In Derry, the air that went out of the balloon four weeks ago is taking its time about finding a way back in.
A spring that was so full of promise and life has given way to a summer that feels leaden and stifled. Although everybody starts from square one in the All-Ireland series, Mickey Harte’s team have a greater need than most to quickly get a foot on the ladder.
It wasn’t just that Derry were defeated by Donegal a month ago, it was more that they were humiliated. And although they have a nucleus of older players who were around for their freefall into Division Four, humiliation is an entirely unfamiliar feeling for most of the Derry panel. They have no reason to be used to it or to know what to do with it.
Going to Salthill this weekend raises another new possibility. You have to go back a full six years for the last time Derry lost two games in a row. They went down to Donegal by 2-16 to 0-16 in the Ulster Championship in May 2018 and followed it up three weeks later with a 2-22 to 2-14 defeat at home to Kildare in the qualifiers.
Since then, they’ve played 62 matches in league and championship without ever posting back-to-back defeats. For a sense of how rare that is, consider the records of every other Sam Maguire team. Dublin, Mayo, Galway, Tyrone, Monaghan and Roscommon all lost back-to-back games in this year’s league alone. Kerry lost last year’s All-Ireland final and the first game of the 2024 league – at home to Derry, as it happens.

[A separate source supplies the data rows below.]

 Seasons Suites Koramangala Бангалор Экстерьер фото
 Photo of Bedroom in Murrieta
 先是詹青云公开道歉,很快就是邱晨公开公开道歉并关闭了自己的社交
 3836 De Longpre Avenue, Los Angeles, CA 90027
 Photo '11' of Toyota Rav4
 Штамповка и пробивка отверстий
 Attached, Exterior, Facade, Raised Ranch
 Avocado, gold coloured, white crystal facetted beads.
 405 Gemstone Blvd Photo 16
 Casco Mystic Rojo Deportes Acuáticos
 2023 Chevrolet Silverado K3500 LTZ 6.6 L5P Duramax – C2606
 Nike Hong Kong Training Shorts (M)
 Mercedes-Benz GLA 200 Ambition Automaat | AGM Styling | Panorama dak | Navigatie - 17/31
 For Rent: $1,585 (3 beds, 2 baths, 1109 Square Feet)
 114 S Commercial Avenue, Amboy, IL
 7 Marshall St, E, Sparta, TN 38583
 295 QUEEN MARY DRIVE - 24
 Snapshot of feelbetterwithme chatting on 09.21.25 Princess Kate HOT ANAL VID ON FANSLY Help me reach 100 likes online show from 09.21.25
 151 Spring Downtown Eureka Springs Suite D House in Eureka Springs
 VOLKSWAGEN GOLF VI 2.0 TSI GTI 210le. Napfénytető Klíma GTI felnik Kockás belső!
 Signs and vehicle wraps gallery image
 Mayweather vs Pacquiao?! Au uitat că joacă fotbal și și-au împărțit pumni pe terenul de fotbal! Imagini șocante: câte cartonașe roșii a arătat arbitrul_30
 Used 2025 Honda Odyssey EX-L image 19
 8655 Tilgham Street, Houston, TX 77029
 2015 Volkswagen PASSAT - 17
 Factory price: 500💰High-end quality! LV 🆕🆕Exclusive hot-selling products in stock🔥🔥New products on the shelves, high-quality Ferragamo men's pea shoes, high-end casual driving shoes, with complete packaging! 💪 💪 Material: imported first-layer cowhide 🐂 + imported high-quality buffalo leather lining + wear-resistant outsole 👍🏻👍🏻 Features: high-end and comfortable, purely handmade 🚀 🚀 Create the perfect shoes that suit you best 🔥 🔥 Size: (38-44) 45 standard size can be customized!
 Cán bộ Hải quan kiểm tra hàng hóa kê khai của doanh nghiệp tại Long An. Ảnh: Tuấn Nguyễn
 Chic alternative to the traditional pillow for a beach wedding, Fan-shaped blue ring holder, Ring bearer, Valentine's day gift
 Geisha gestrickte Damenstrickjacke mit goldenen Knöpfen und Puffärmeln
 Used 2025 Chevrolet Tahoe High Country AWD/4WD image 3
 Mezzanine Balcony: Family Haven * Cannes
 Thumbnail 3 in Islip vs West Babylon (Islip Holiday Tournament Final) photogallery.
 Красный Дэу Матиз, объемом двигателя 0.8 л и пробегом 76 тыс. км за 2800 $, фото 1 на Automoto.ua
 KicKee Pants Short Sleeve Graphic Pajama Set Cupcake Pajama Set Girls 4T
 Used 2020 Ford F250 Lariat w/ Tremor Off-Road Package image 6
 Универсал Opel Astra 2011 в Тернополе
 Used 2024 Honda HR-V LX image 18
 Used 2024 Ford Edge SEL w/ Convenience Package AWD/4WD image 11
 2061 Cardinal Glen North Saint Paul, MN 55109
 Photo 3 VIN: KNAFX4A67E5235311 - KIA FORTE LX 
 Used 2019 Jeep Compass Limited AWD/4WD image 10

Drill down into the results and you find that the second longest streak without losing two matches in a row belongs to Armagh – the last time it happened to Kieran McGeeney’s side was against Galway and Tyrone at the end of the 2023 league, 19 matches ago.
Through four different divisions, three different championship structures and three different managers, Derry have always been able to do what no other team has managed – consistently respond to a defeat with a performance and a result the next day out.
As you’d expect over the course of six seasons, the team and panel has been completely overhauled. Of the Derry players who saw game time against Donegal, only four survive from those back-to-back defeats in 2018. Outside of Chrissy McKaigue, Brendan Rodgers, Shane McGuigan and Emmet Bradley, it’s just not something any of them have had to contend with as senior intercounty footballers.
Does any of this matter? Externally, there must be a good chance it does. While an early exit from Ulster needn’t dent their broader All-Ireland ambitions, if it’s followed up by a defeat to the second good team they meet it will make those ambitions seem pretty fanciful. All that goodwill within the county that buoyed them through the league could be frittered away.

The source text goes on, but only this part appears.